» **TASK BRIEF**
Exact reproduction of the listing is required. Pictures are not reproduced.

» **SOURCE MATERIAL**

---------------

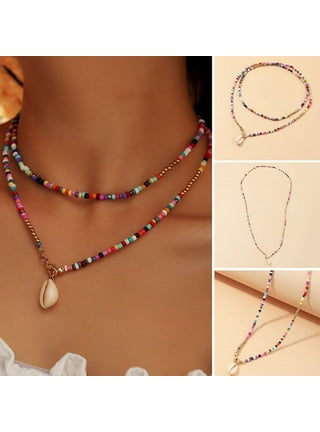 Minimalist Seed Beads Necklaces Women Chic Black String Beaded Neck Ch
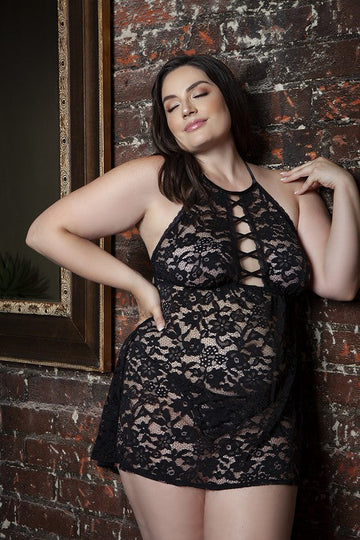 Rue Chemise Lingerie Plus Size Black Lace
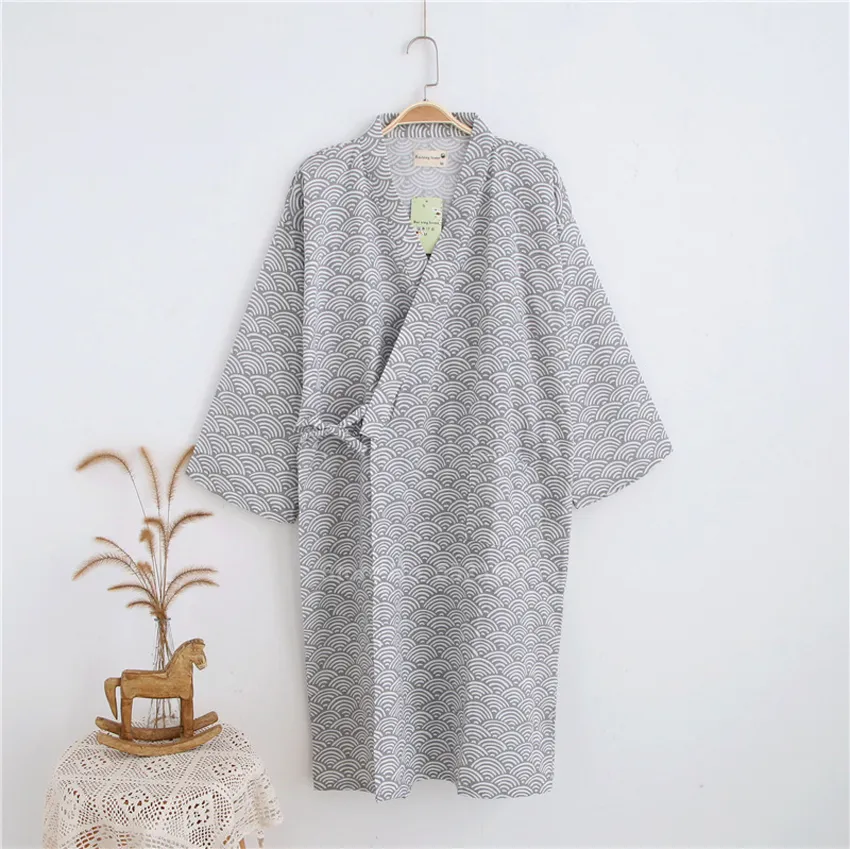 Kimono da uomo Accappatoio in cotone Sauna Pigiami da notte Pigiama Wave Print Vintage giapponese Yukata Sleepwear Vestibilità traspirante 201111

---------------

» **SOLUTION FOR THIS EXERCISE**
 Minimalist Seed Beads Necklaces Women Chic Black String Beaded Neck Ch
 Rue Chemise Lingerie Plus Size Black Lace
 Kimono da uomo Accappatoio in cotone Sauna Pigiami da notte Pigiama Wave Print Vintage giapponese Yukata Sleepwear Vestibilità traspirante 201111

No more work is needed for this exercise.